Mrs. Davis is a case of “too much” being a good thing—until it isn’t. Damon Lindelof’s latest (co-created by Tara Hernandez) follows a nun battling an omnipotent A.I. while searching for the Holy Grail, and even that summary only skims the surface of its myriad interests and influences, among which one can also count Lindelof’s Lost, The Leftovers, and Watchmen. The show is a million different things at once, which is initially exhilarating. Alas, that heady buzz doesn’t last, dissipated by a story where each fantasticality winds up being a little bit less fantastic than the last.

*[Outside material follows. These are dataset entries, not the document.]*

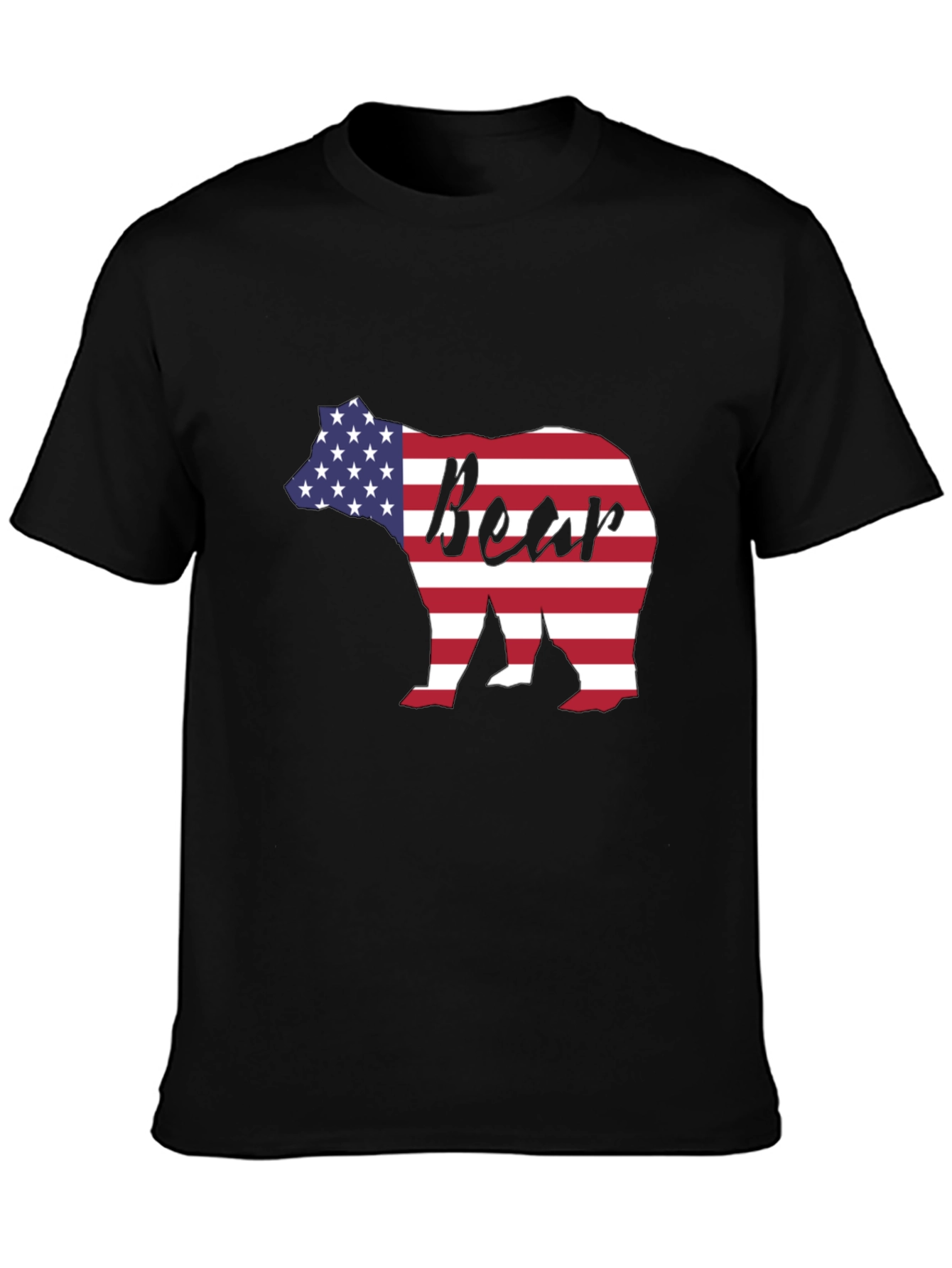 American Flag Bear Graphic T-Shirt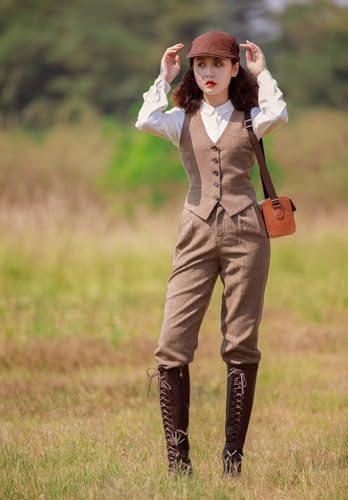 Womens Wool Blend 2 Piece Outfits Sleeveless Blazer Vest Pants Suit Business Set2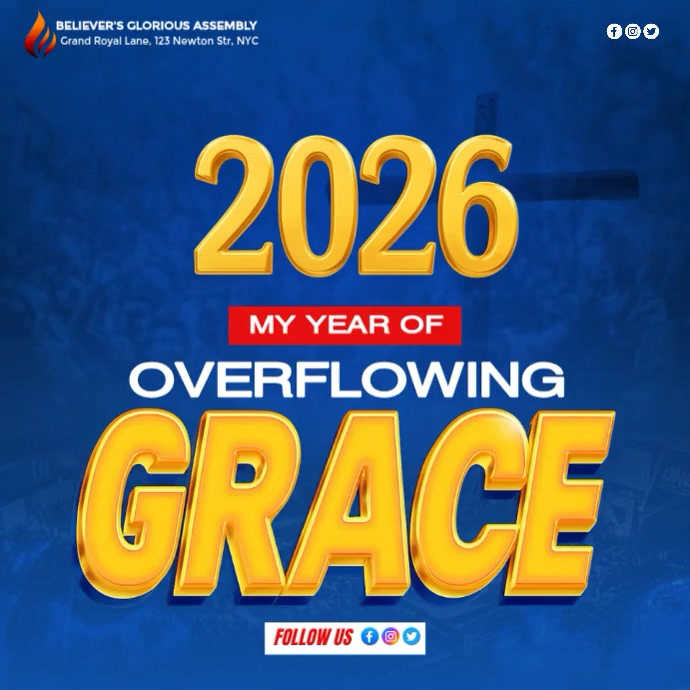 Blue Maximalist Church New Year 2026 Prophetic Decree Instagram Post ...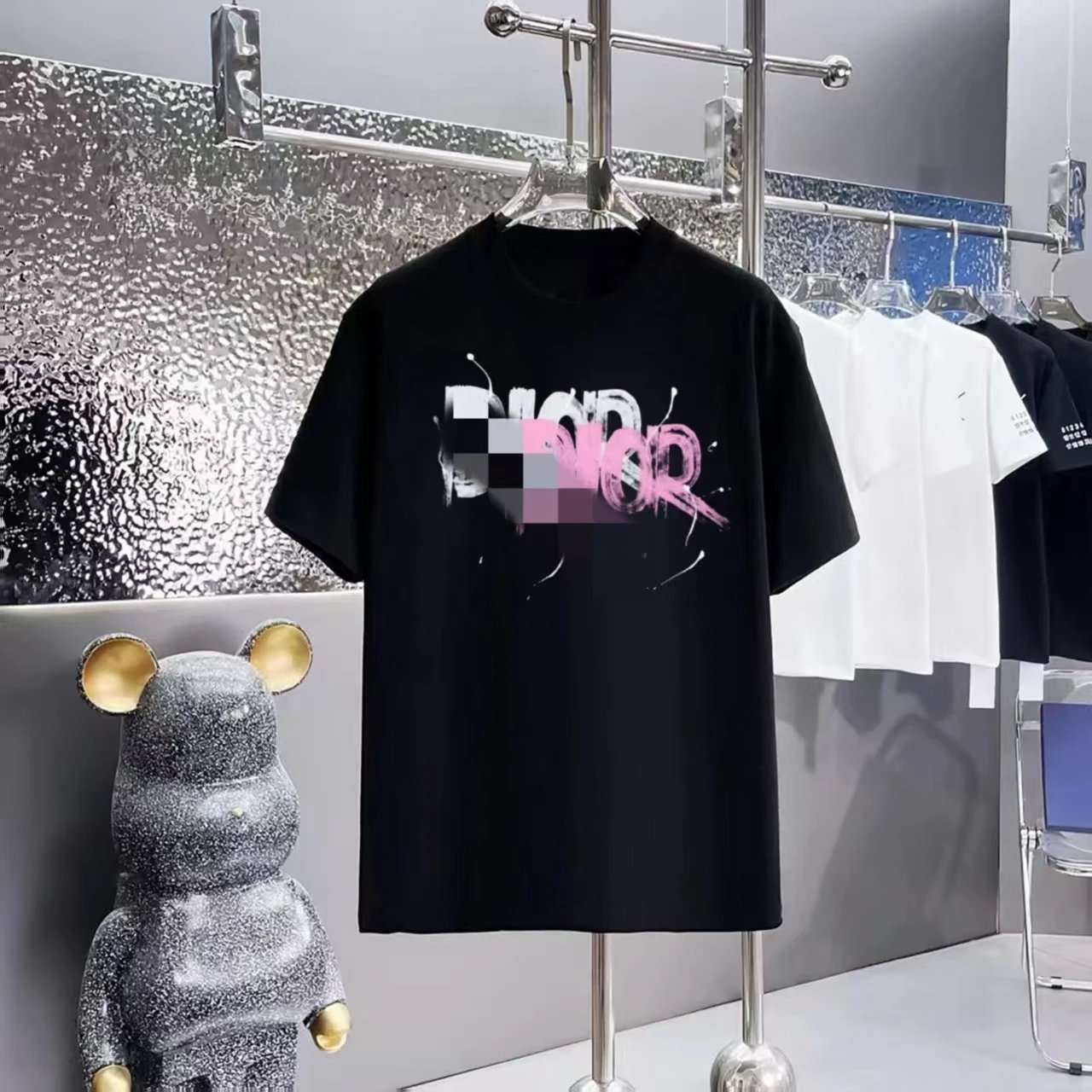 Unbranded T-Shirts Crew Neck Short Sleeve Graphic Print — F042 Black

Describing Mrs. Davis is a challenge by design, since Lindelof and Hernandez have constructed their eight-episode Peacock affair (April 20) as a kitchen-sink sci-fi smorgasbord that self-consciously revels in clichés. The story begins in 1307 Paris with a cadre of badass women slaying those who seek the Grail, a prologue that’ll be revisited, and wildly re-contextualized, in ensuing installments. But things truly take place in an alternate present that’s been wholly transformed by an omnipotent artificial intelligence app named “Mrs. Davis,” which guides and controls humanity (via Bluetooth earpieces) for its ostensible betterment. Mrs. Davis has bestowed mankind with a reality supposedly free of war, famine, unemployment, and divisions. She’s a benevolent techno-mother (or, to put it in Orwellian terms, Big Sister) that’s fixed our broken world.